Seven new funnel web spider species have been found emerging in caves in Israel, and they're all in various stages of losing their vision.
In Charles Darwin's famous example of adaptation, a population of finches split apart on different islands gradually drifted from their shared ancestral form, to the point they came to represent distinct species.
This early observation recognized isolation as a key ingredient for organisms to change enough to speciate.

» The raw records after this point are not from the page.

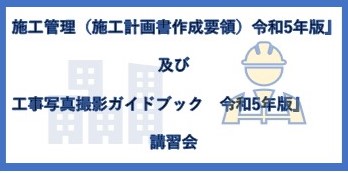 『公共建築工事標準仕様書に基づく<br>建築／電気設備／機械設備工事の<br>施工管理（施工計画書作成要領）令和5年版』<br>及び<br>『営繕工事写真撮影要領による<br>工事写真撮影ガイドブック<br>建築工事編/電気設備工事編/機械設備工事編<br>令和5年版』講習会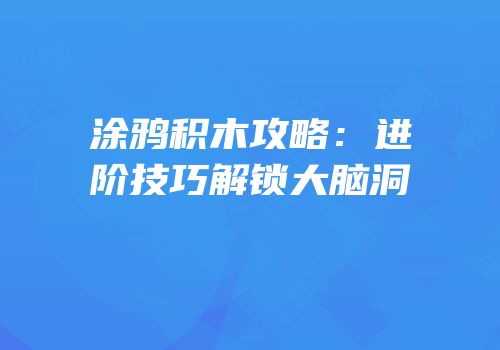 涂鸦积木攻略：进阶技巧解锁大脑洞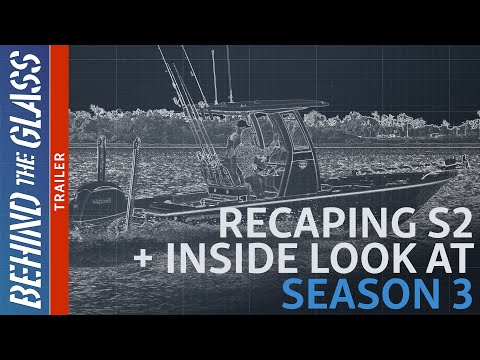 SEASON 3 KICKS OFF THIS FIRDAY - Recap S2 + Inside Look at S3 - Sportsman's "Behind The Glass"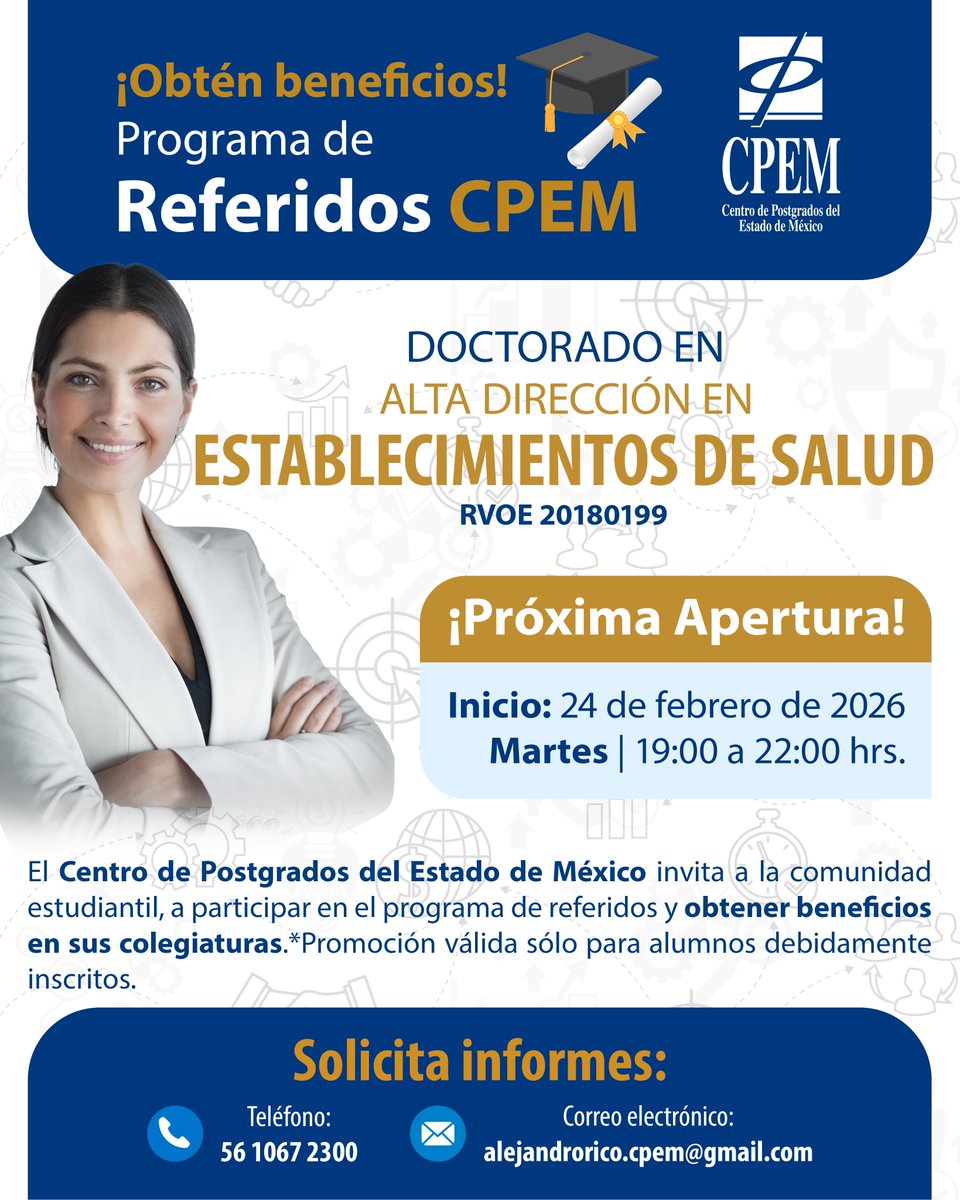 ¡Da el siguiente paso en tu carrera y transforma el sector salud!

📞 Solicita informes: 56 1067 2300
📧 alejandrorico.cpem@gmail.com
🌐 cpem.edu.mx

#DoctoradoCPEM #AltaDirección #GestiónEnSalud #PosgradosMéxico #EducaciónSEP #LiderazgoEnSalud #CPEM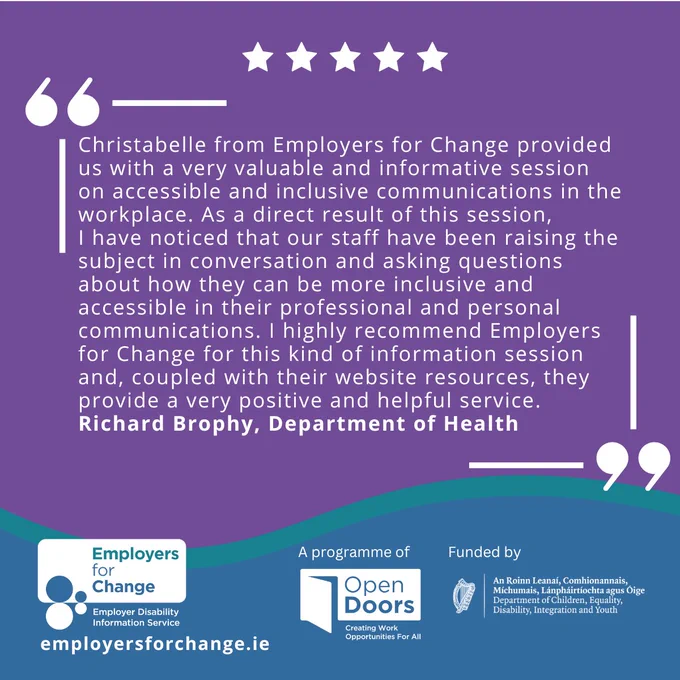 Purple square with a teal wave frame at the bottom. In white text it reads Christabelle from Employers for Change provided us with a very valuable and informative session on accessible and inclusive communications in the workplace. As a direct result of this session, I have noticed that our staff have been raising the subject in conversation and asking questions about how they can be more inclusive and accessible in their professional and personal communications. I highly recommend Employers for Change for this kind of information session and, coupled with their website resources, they provide a very positive and helpful service. Richard Brophy, Department of Health. Employers for Change logo and website at the bottom, a programme of Open Doors, Funded by the Department of Children, Equality, Disability, Integration and Youth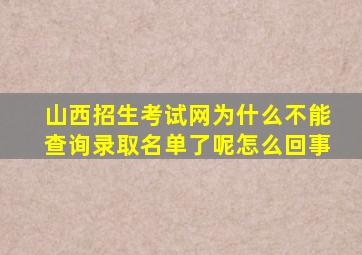 山西招生考试网为什么不能查询录取名单了呢怎么回事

But as this latest cave discovery shows, vast stretches of water are just one way populations can be separated.
"In this study, we sought to understand the evolutionary relationships between funnel web spiders with normal eyes that are found at the cave entrance, with those that are further in the cave and are pigmentless, eye-reduced, and even completely blind," explains ecologist Shlomi Aharon from the The Hebrew University of Jerusalem (HUJI).
Aharon and colleagues found species of Tegenaria funnel web spiders in 30 caves. Twenty-six of these were cave-preferring species that still relied on some outside conditions like light (troglophiles) and they lived at the entrances and twilight zones of the caves. Meanwhile, 14 other species were found to be obligate cave dwellers (troglobites), who only inhabit the twilight or dark zones.
Seven of these troglobite species were new to science, five of them with reduced eyes and two completely blind.
"Among the spiders we found, five were unique to different caves, and the two other species were found in several caves in the Galilee and in caves situated at the Ofra karst field, which is now under threat due to construction plans," explains HUJI ecologist Efrat Gavish-Regev.
The researchers analyzed the spiders' DNA to track their history across the landscape.
Those spiders that adapted to the unique cave conditions can no longer thrive in the world beyond these dark, sheltered crevices. This means there was very little if any gene flow between cave systems, even when each population sits relatively close to one another.
"One of the surprising findings in the study show that the new species are evolutionarily closer to species from caves in Mediterranean areas in southern Europe, than to species living in close proximity to them at cave entrances in Israel," says Gavish-Regev.
The genetic trail suggests a single Tegenaria species swept through the area and eventually ventured deeper into the caves. By removing the need for functional eyes, the new environment molded their traits, selecting for offspring that didn't waste energy on unnecessary visual systems. This happened independently across the different cave systems – a process called convergent evolution – resulting in distinct species all losing their eyes after they went separate ways.
Then the original species became locally extinct outside of the caves, before other related species moved in on the outside.
The team suspects the extinction event was a result of climate change around 5 million years ago, during the beginning of the Pliocene when seas rose to present levels.
"We are currently witnessing the effects of climate change on many habitats, which obliges us to consider, maintain and promote programs that include the preservation of underground habitats – many of which are at immediate risk," concludes Hawlena.
"We must protect Israel's unique nature, preserve its underground systems for the future and further explore the processes that created these systems in the country."
This research was published in Molecular Phylogenetics and Evolution.